Zwischenbericht liegt vor

Nach dem Anschlag hatten Bund und Länder die Abschiebungen nach Afghanistan auf die drei genannten Gruppen beschränkt – bis zur Vorlage einer Neubewertung der Sicherheitslage. Ein Sprecher des Außenministeriums sagte, es liege nun der Zwischenbericht zur Lagebewertung vor. Darin gebe es keine durchgreifenden Anhaltspunkte, dass die bisherige Haltung korrigiert werden müsste. Der vertrauliche Bericht sei an die Länder und an zuständige Behörden gegangen. Auf dieser Grundlage könnten nun Afghanen aus den drei Gruppen abgeschoben werden. Ob es dazu komme, liege in der Entscheidung der Länder.

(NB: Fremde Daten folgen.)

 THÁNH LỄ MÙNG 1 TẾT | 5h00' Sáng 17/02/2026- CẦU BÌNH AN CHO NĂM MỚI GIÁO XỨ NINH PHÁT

Tatsächlich gab es seit dem Kabuler Anschlag trotz mehrerer Anläufe keinen Abschiebeflug mehr. Als Grund wurden organisatorische Probleme genannt, weil sich die Botschaft in Kabul nicht um die Abwicklung vor Ort und die Ankunft der Betroffenen kümmern konnte. Der Außenamtssprecher sagte, man bemühe sich, eine bessere Handlungsfähigkeit der Botschaft in Kabul herzustellen.

250.000 Afghanen in Deutschland

Und was bedeutet der neue Lagebericht für die Entscheidungspraxis bei afghanischen Asylbewerbern? Zuletzt hatte das Bundesamt für Migration und Flüchtlinge (BAMF) über Asylanträge von Afghanen nur in Ausnahmefällen entschieden. Die große Masse an Verfahren bearbeitete das Amt zwar weiter, wartete bis zur Asylentscheidung aber auf die neue Lagebewertung. Der Sprecher des Innenressorts sagte, das BAMF werde nun klären, ob der Zwischenbericht aus dem Außenamt eine hinreichende Grundlage für Asylentscheidungen sei.

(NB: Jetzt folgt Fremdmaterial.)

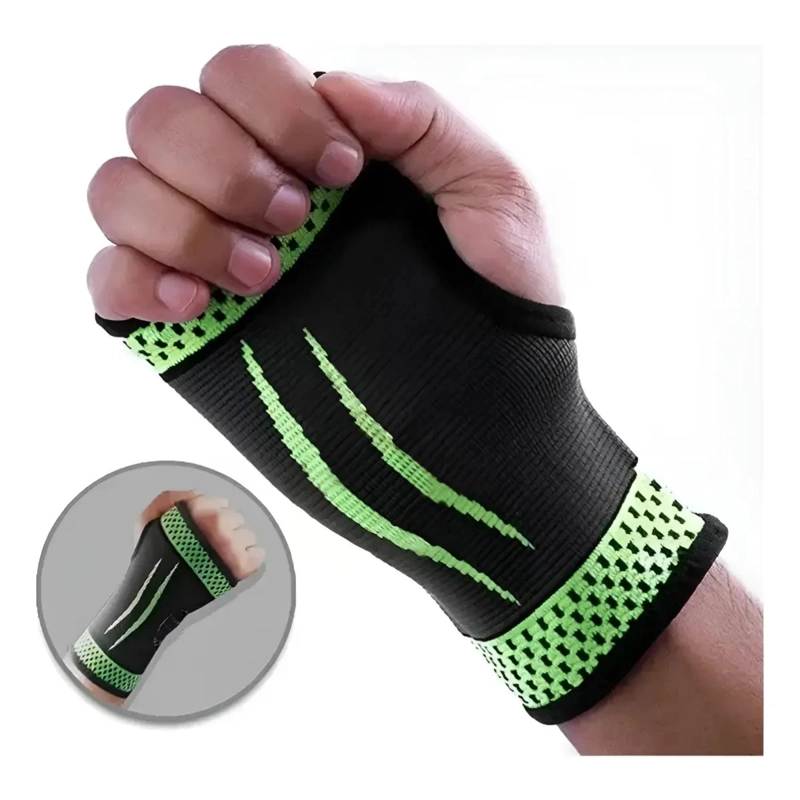 MUÑEQUERA PALMA ELASTICA COMPRESION DEROYAL 98718 - 3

Im vergangenen Jahr hatte Deutschland laut Innenministerium 324 Afghanen zwangsweise in ihre Heimat zurückgeschickt. In der ersten Jahreshälfte 2017 waren es 261. Ein Sprecher des Ressorts sagte, auch die freiwillige Rückkehr nach Afghanistan solle nun weiter gefördert werden. Zuletzt ging diese Zahl angesichts der schlechten Sicherheitslage jedoch zurück. 2016 kehrten gut 3300 Afghanen aus freien Stücken über ein staatliches Förderprogramm in ihre Heimat zurück. Im ersten Halbjahr 2017 waren es weniger als 800. Insgesamt leben rund 250.000 Afghanen in Deutschland. Darunter sind derzeit etwa 5000, die „ausreisepflichtig“ sind und auch keine Duldung haben. Insgesamt sind rund 15.000 Afghanen zur Ausreise verpflichtet, etwa 10.000 jedoch geduldet – und damit zumindest vorübergehend vor einer Abschiebung bewahrt.

Land der Gewalt

Erstaunlich an Afghanistan ist: Laut Angaben der UN ist die Bevölkerung seit 2001, als noch die Taliban das Sagen hatten, von 21 Millionen auf 32 Millionen gewachsen. Trotz der schier endlosen Kriege seit dem russischen Einmarsch 1979 und dem islamistischen Terror hat sich die Bevölkerung also in nur 15 Jahren um 50 Prozent vergrößert. Dadurch ist natürlich auch der demographische Druck gewachsen, da sich die Zahl der Arbeitsplätze nicht ebenso vergrößert hat.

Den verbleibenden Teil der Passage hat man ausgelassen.